Set Up Gene Database

The Set Up Gene Database tool is meant for users who want to use their own list of resistance genes for resistance detection with the Find Resistance with Nucleotide DB tool.

The tool can create new resistance gene lists/databases from a sequence list, or it can also be used to edit existing databases downloaded with the Download Resistance Database tool. In the latter case, the tool imports resistance information to an existing resistance gene database and bundles the new metadata or overwrites the existing metadata sequence by sequence if this option is selected. This means that sequences that already have metadata and for which no new metadata is imported will keep the metadata; sequences with metadata for which new metadata is imported will be updated; sequences with no metadata will acquire new metadata.

To run the tool, go to:

        Databases (Image databases_folder_closed_16_n_p) | Drug Resistance Analysis | Set Up Gene Database (Image setup_resistance_db_16_n_p)

In the first window (figure 20.3), select a new sequence list or an existing database (with or without resistance genes information).

Image ressetup1
Figure 20.3: Select a sequence list or an existing resistance database you wish to modify.

In the second window (figure 20.4), select an Excel file (or a CSV file) containing the resistance information previously saved on your computer.

Image ressetup2
Figure 20.4: Select the file in which you saved the information you want to add to the sequence list.

There are 2 required columns in the input file: "Name" and "Phenotype" (i.e., resistance). You can add as many columns of metadata as necessary. The names given in the first row will be used as metadata categories.

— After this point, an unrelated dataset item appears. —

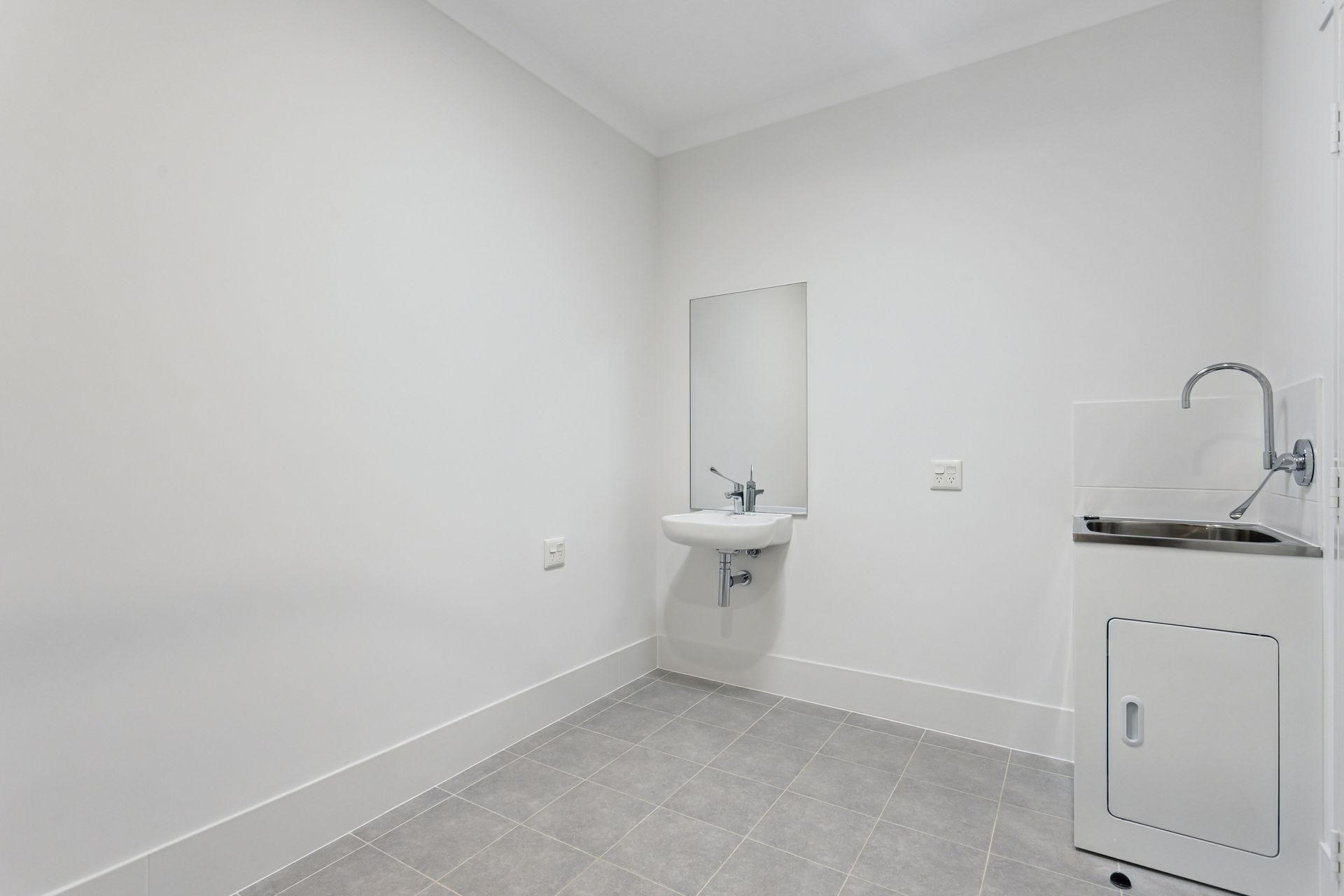 web 7 Henry St, Midland 17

Once imported, the information from the spreadsheet or CSV file will fill in the table included in the wizard window (figure 20.4), and the headers will take the names of the first row. It is still possible to edit the first row data at this point, thereby changing the names of the metadata categories. Leaving a first row field blank means that the metadata in that column will not be imported.

The required columns "Name" and "Phenotype", as well as the optional columns "Compound class" and "Accession number" from ResFinder are highlighted in yellow as they hold the information used subsequently by the Find Resistance with Nucleotide DB tool.

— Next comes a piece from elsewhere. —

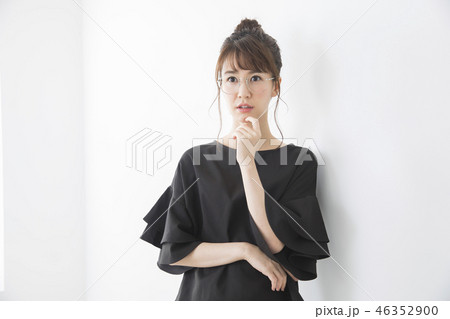 困る女性 46352900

Note that the option to overwrite previous metadata is selected by default but you can choose to deselect it in this window.

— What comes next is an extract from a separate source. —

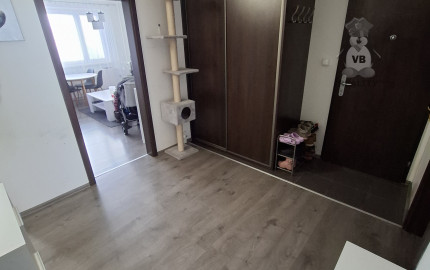 prerobený 3-izbový byt s loggiou na sídlisku Západ 1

The tool will output a new database (or an updated database) containing the data included in the spreadsheet for all sequences whose name matched with the ones specified in the "Name" column of the spreadsheet. It is also possible to generate a report containing the number of genes in the database and the list of resistance phenotypes in the database (figure 20.5).

Image ressetup3
Figure 20.5: Example of a report produced by the Set Up Gene Database tool.